The Arctic sea ice is declining in extent, volume and thickness. With this decline comes an increased interest in the two main Arctic shipping routes: Canada’s Northwest Passage (NWP) and Russian Northern Sea Route (NSR). The NWP is the most direct route between Asia and the East coast of North America. Some routes are up to 40% shorter than those using the Suez Canal.

With commercial and contractual implications, Arctic shipping route access needs to be predictable with sufficient lead time to allow optimization. This paper presents a methodology for forecasting the timing and length of the open-water season (by determining freeze-up and break-up dates) on regional scales at key locations in the NWP along with examples of applications.

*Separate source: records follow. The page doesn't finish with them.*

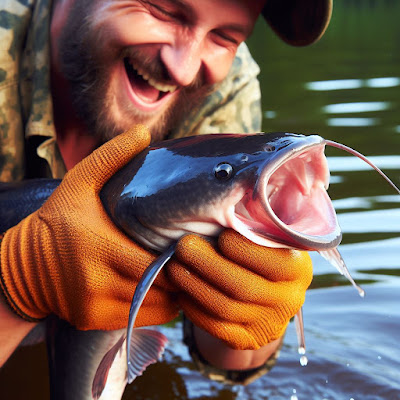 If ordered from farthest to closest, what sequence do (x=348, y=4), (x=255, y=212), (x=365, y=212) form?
(x=348, y=4) < (x=365, y=212) < (x=255, y=212)

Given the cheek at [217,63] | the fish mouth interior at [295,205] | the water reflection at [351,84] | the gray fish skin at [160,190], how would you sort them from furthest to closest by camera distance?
1. the water reflection at [351,84]
2. the cheek at [217,63]
3. the gray fish skin at [160,190]
4. the fish mouth interior at [295,205]

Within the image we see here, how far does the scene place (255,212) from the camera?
4.57 feet

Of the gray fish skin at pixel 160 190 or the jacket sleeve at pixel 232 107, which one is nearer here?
the gray fish skin at pixel 160 190

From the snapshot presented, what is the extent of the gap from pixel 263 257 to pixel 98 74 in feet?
4.86

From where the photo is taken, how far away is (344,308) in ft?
9.82

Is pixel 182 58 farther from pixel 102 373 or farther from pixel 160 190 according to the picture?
pixel 102 373

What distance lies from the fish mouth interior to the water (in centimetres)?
120

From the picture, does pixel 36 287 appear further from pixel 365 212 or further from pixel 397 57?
pixel 397 57

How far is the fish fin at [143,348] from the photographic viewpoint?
81.5 inches

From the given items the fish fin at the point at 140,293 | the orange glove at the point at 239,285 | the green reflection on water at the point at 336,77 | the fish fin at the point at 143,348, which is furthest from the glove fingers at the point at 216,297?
the green reflection on water at the point at 336,77

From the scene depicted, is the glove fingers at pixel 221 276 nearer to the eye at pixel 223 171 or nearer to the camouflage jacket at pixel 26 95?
the eye at pixel 223 171

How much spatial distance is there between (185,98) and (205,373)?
3.85ft

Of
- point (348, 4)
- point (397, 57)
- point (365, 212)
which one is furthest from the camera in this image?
point (348, 4)

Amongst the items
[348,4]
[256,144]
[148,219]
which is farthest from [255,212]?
[348,4] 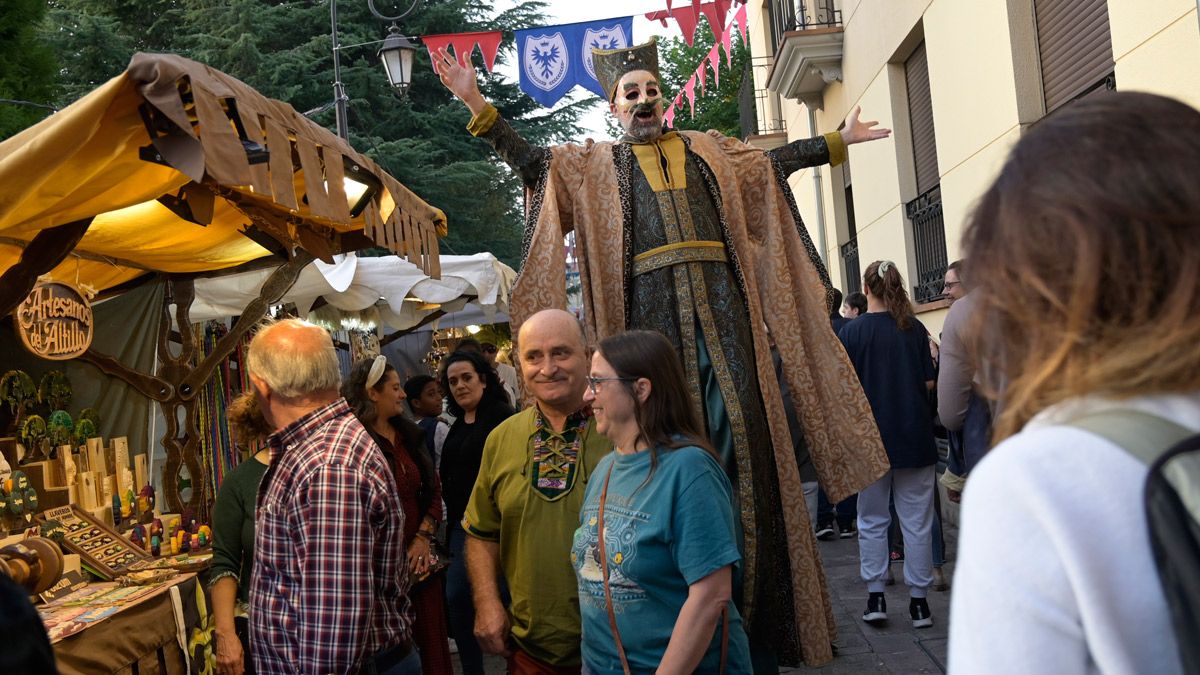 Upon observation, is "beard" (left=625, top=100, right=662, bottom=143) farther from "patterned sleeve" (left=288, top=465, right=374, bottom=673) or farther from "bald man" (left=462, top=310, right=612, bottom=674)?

A suite of statistical models were developed to forecast the timing and length of the open-water season at key locations within the NWP, using a multi-node based quadratic discriminant (QD) approach. Forecasts are feasible up to four weeks in advance. Ensembles of QD models were built for key regions using a feature selection method to select an optimized set of input parameters to better discriminate between two states (i.e., ice or open-water). The set of available features used included observed and modeled environmental, oceanographic and atmospheric parameters. Results of models with a 28-day forecast horizon show that over 59% of predictions for break-up and 79% of predictions for freeze-up fall within a ±4-day range, which is the error on the reference dates derived from the weekly CIS ice charts.